TASK — From the line that contains "Mercedes-Benz E-Класс AMG, 2024" through the line that contains "Akai MPC Live", output every line of the listing below exactly and leave out all the rest.

*** MATERIALS PROVIDED ***

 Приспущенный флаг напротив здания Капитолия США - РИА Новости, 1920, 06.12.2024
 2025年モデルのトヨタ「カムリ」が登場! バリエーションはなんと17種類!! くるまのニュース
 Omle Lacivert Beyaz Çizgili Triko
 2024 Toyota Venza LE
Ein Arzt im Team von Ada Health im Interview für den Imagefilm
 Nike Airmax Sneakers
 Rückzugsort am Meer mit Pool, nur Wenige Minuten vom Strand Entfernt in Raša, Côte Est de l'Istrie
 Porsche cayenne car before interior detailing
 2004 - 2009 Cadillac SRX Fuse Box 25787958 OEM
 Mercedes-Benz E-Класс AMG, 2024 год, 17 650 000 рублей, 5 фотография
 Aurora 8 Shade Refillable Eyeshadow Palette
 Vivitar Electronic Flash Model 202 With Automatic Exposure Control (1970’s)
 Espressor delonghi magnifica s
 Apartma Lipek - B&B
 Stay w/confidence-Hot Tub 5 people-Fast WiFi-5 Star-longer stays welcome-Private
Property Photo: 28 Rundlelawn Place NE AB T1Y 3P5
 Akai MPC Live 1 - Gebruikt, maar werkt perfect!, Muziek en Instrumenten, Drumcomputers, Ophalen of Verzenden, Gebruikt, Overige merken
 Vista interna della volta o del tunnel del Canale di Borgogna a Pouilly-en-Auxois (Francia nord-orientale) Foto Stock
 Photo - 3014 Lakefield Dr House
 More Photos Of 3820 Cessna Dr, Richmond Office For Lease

***

RESPONSE FOR THIS EXERCISE —
 Mercedes-Benz E-Класс AMG, 2024 год, 17 650 000 рублей, 5 фотография
 Aurora 8 Shade Refillable Eyeshadow Palette
 Vivitar Electronic Flash Model 202 With Automatic Exposure Control (1970’s)
 Espressor delonghi magnifica s
 Apartma Lipek - B&B
 Stay w/confidence-Hot Tub 5 people-Fast WiFi-5 Star-longer stays welcome-Private
Property Photo: 28 Rundlelawn Place NE AB T1Y 3P5
 Akai MPC Live 1 - Gebruikt, maar werkt perfect!, Muziek en Instrumenten, Drumcomputers, Ophalen of Verzenden, Gebruikt, Overige merken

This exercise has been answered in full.